A ditadura da razão criou a sociedade da mercadoria com sua cultura típica, um certo modo de viver, de produzir, de consumir, de fazer ciência, de educar, de ensinar e de moldar as subjetividades coletivas. Estas devem se afinar à sua dinâmica e valores, procurando sempre maximalizar os ganhos, mediante a mercantilização de tudo. Ora, essa cultura, dita moderna, capitalista, burguesa, ocidental e hoje globalizada entrou em crise. Ela se expressa nas várias crises atuais que são todas expressão de uma única crise, a dos fundamentos. Não se trata de abdicar da razão, mas de combater sua arrogância (hybris) e de criticar seu estreitamento na capacidade de comprender. O que a razão mais precisa neste momento é de ser urgentemente completada pela razão sensível (M.Maffesoli), pela inteligência emocional (D.Goleman), pela razão cordial (A. Cortina), pela educação dos sentidos (J.F.Duarte Jr), pela ciência com consciência (E. Morin), pela inteligência espiritual (D. Zohar), pelo concern (R.Winnicott) e pelo cuidado como eu mesmo venho propondo há tempos.
É o sentir profundo (pathos) que nos faz escutar o grito da Terra e o clamor canino de milhões de famélicos. Não é a razão fria mas a razão sensível que move as pessoas para tira-las da cruz e faze-las viver. Por isso, é urgente submeter à crítica o modelo de ciência dominante, impugnar radicalmente as aplicações que se fazem dela mais em função do lucro do que da vida, desmascarar o modelo de desenvolvimento atual que é insustentável por ser altamente depredador e injusto.

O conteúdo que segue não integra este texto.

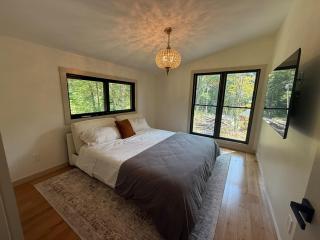 Emerald Lake Glass House - 8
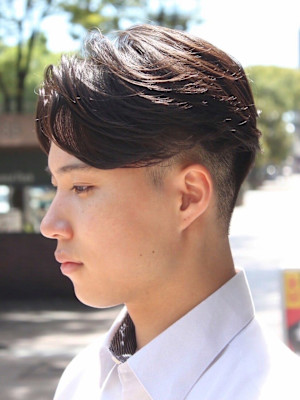 名古屋栄美容室　メンズセンターパート/毛流れパーマ/刈り上げ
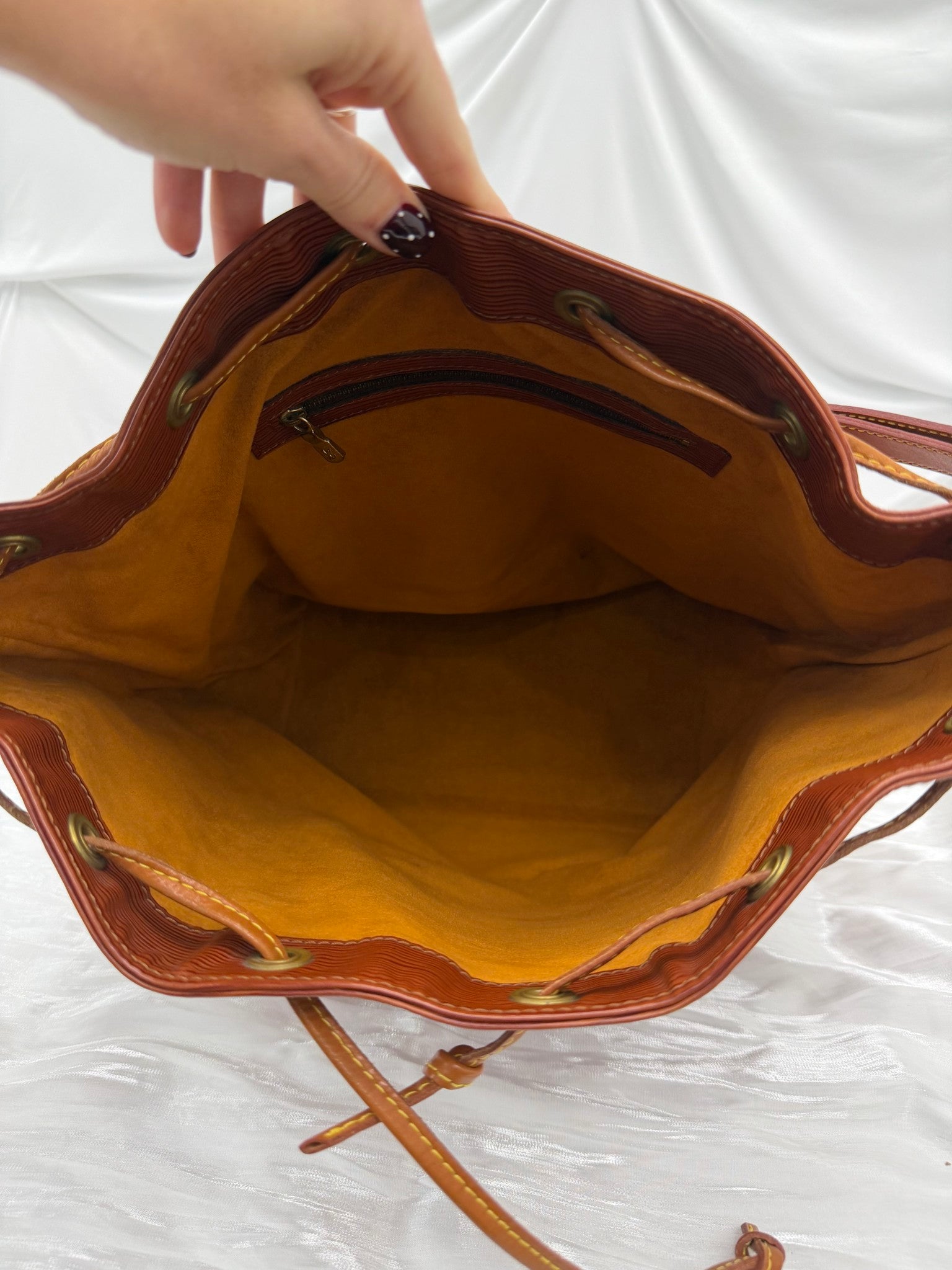 Louis Vuitton Brown Epi Noe Bucket Bag GM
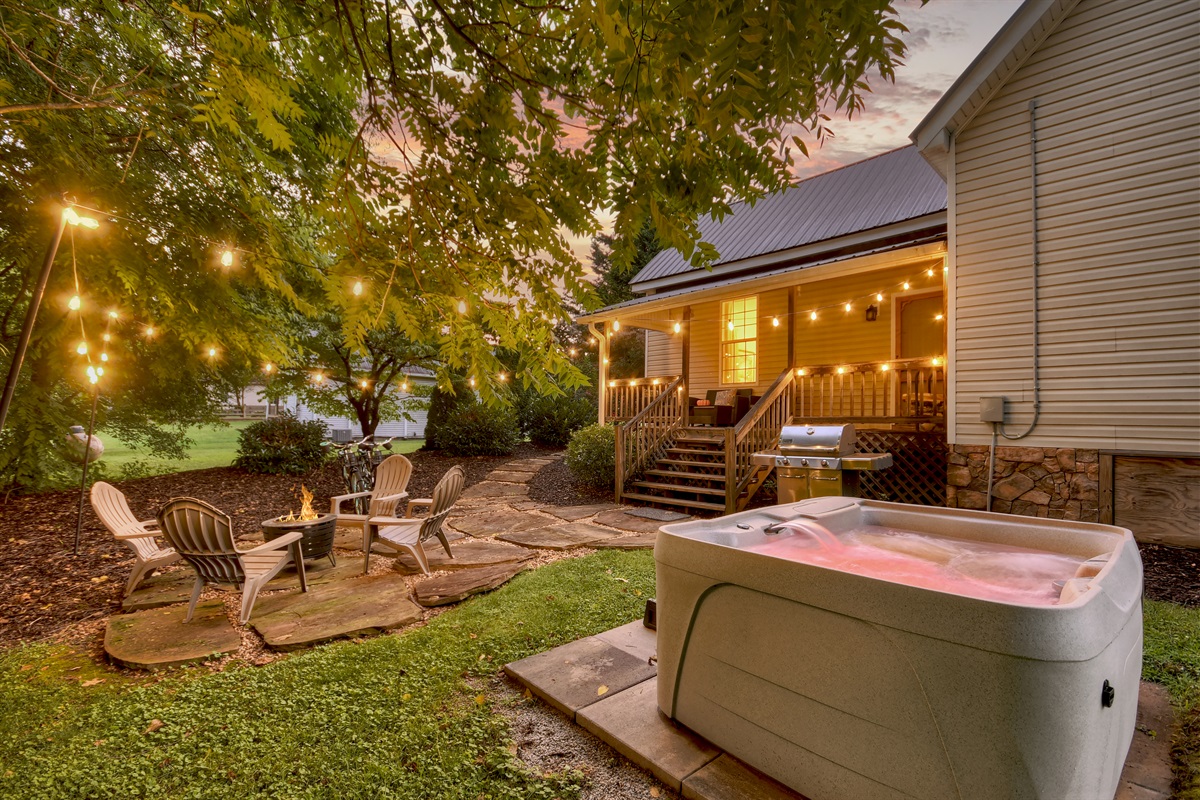 Evenings are better here&mdash;soak in the hot tub, grill dinner, and gather by the fire under the glow of string lights. It&rsquo;s your own private backyard escape near downtown Blue Ridge.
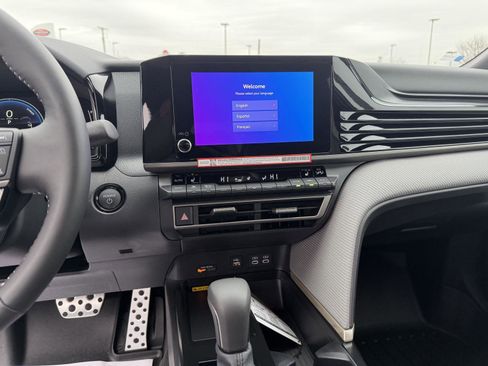 New 2026 Toyota Camry SE image 19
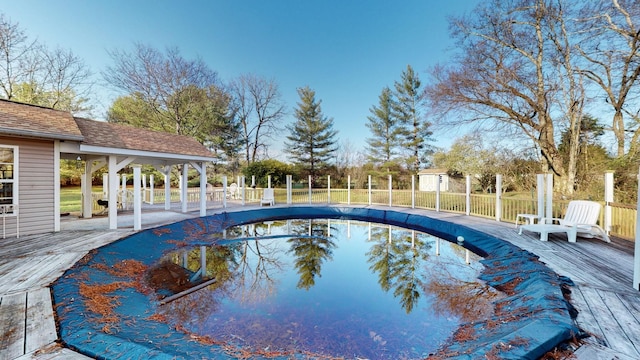 view of swimming pool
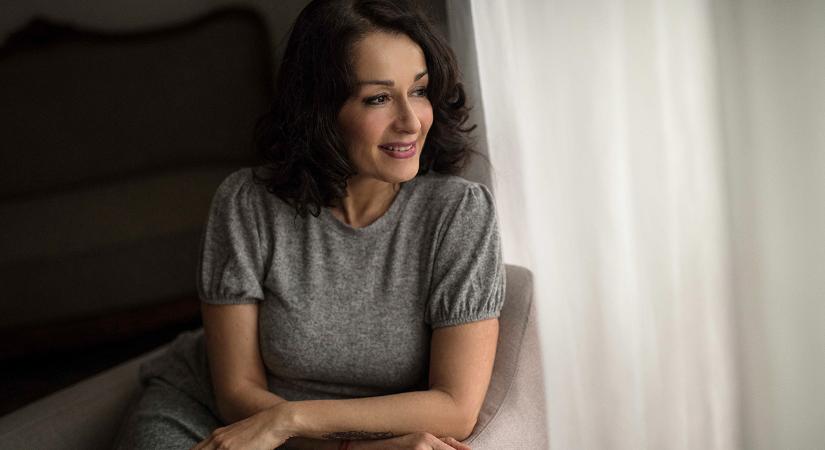 „A sorsunk egyedi, de a fájdalmaink, a szorongásaink és a vágyaink közös emberi gyökerekből táplálkoznak” – interjú Róza Ráchellel a női körök reneszánszáról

A sensibilidade, a cordialidade, o cuidado levados a todo os níveis, para com a natureza, nas relações sociais e na vida cotidiana, podem fundar, junto com a razão, uma utopia que podemos tocar com as mãos porque imediatamente praticável. Estes são os fundamentos do nascente paradigma civilizatório que nos dá vida e esperança.